Wednesday, March 10, 2010

Where does Morality come from?

[Note: This is an expansion of some points in my previous post]

Morality is a fundamental necessity in any society. Everyone has some sort of moral code, however fractured or distorted it might be. But where does it come from? There are, as I have said, three basic options. Morality is either:

1. Private: I decide for myself what is good and bad, recognising that other people construct their own moralities. This is a postmodern option, as in postmodernism absolute truth is unknowable, and therefore nothing can be absolutely true or false, even in the moral sphere. Yet in practice this would break down completely, there can be no basis for making moral judgements of another's actions that is outside of themselves. I once met a man whose sole basis for making moral judgements was sincerity. "To your own self be true", as Ibsen puts it in Peer Gynt (tellingly, the difference between the 'good' philosophy in that play, and the evil of the trolls is concern for others, the troll version is "To your own self be true - and to hell with the rest of the world!"). This man thus concluded that Hitler was morally good, because as far as he could tell, Hitler was always sincere! While it may have some attractions in the abstract, privatised morality is horrible when considered in the concrete. It may sound good when proposed by a French philosopher, but loses its charm when used to defend mass-murder.
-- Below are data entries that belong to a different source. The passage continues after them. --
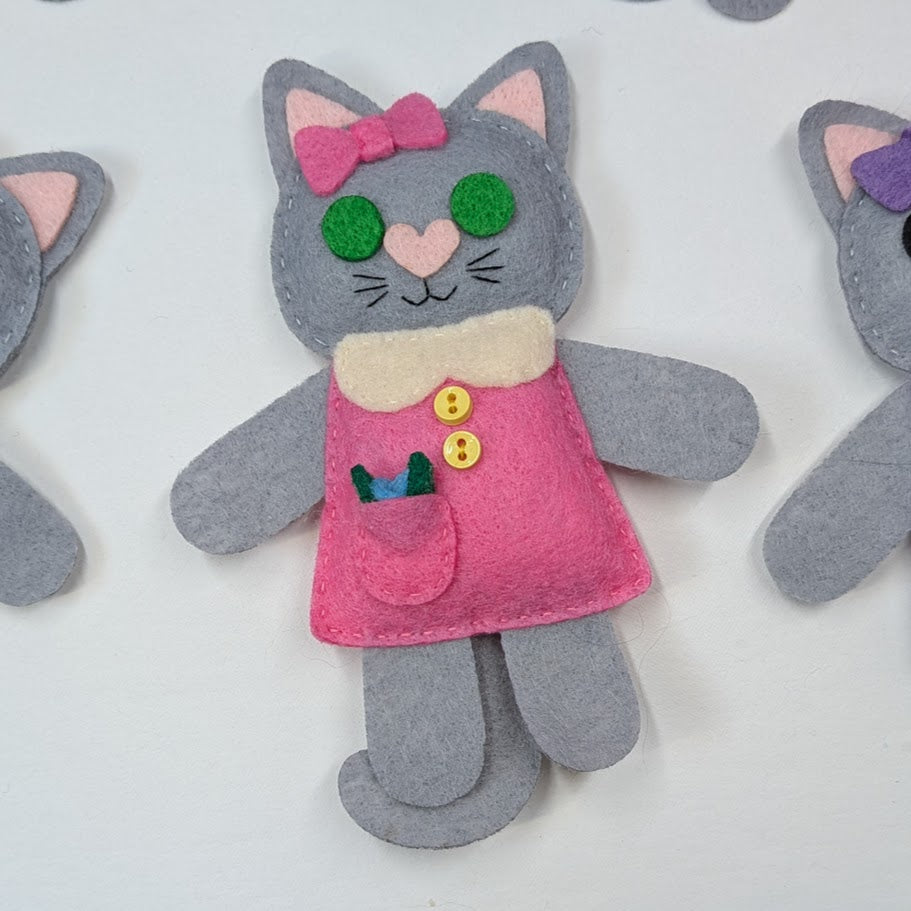 Gray Little Kitty Dolly Felt Plush Toy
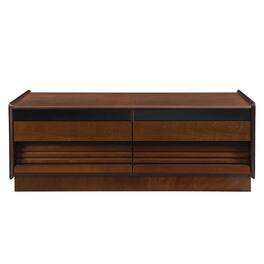Forest'nSky - Modern Rectangle Coffee Table with 4 Drawers and 2 Display Shelves - Brown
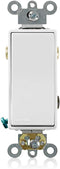 Leviton 5623-2W 20 Amp, 120/277 Volt, Decora Plus Rocker 3-Way AC Quiet Switch, Commercial Grade, White......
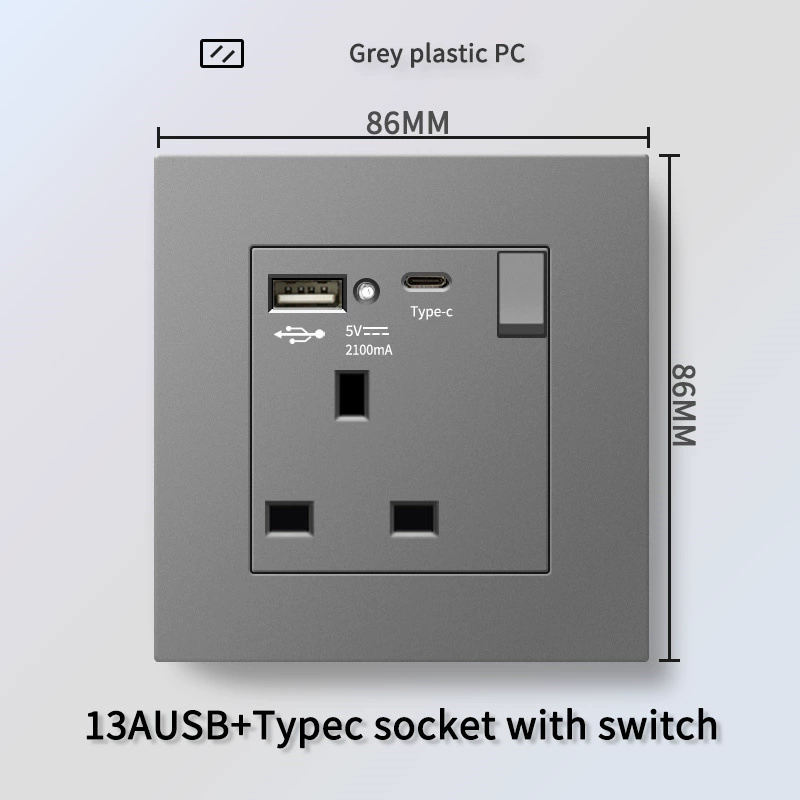 Hong Kong and Macau British 13A socket USB with Type-C plugging in Su-English bidding switch PC gray panel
2. Social: Morality is a result of society, and society is the final arbiter. This is probably the position held by most people today. It fits well with an evoutionary worldview, allowing us to look down on previous ages as holding to a "less developed morality." It has the advantage over the purely personal view of morality that it governs whole societies, and thus can be the basis of making laws. But it is not without its own problems. Chief among them is that there must be a definition of "society" for it to work. Who is "Society"? The government? Then Anti-Semitism was moral in Nazi Germany. 51% of the population? This is the reason why modern goverments get so bogged down when they try to change the law on certain issues - because there is no working definition of society that they can use. And, in the modern world, with rapid communications, where is the boundary of society? Is it to be found at the national borders or not?

Another pitfall of a social or societal definition of morality is that it logically robs men of the ability to make moral criticisms of society. If enough people think slavery is right, then it is right, and the man who criticises it, he is wrong. Now, very few people actually hold this position consistently - but that is rather my point, that examined carefully a purely societal view of morality breaks down. According to this system, what is right and wrong changes according to time and place.

3. Empirical: This is an attempt to construct a "scientific" morality, based on observation. Natural science, by its very nature, can only observe what is. Here is the pitfall, logically the result of an empirical morality is that "Whatever is, is right." It is in fact subject to the same pitfall as Societal morality, that it robs men of the ability to criticise what is happening, and lacks the control of public outrage that societal morality has. An empirical morality says, "Africans enslave their fellows, therefore we can buy those enslaved African from the Africans who enslaved them, because the system of slavery is." Logically considered an empirical morality is impossible.

4. Transcendental: Morality is determined by an authority outside of man, the creator God, and is true for all people in all places and at all times. Thus if an individual or group depart from this morality, they can be criticised and called back to the transcendent and absolute standard. The standard is not man, man is subject to it. This position is both logically coherent and workable. It has been the basis for law for most of human history.

Of course, we are then left with the question as to which of the competing truth claims of various religions is true. On that matter I am confident that, weighed fairly, the Bible will be proven to be the truth.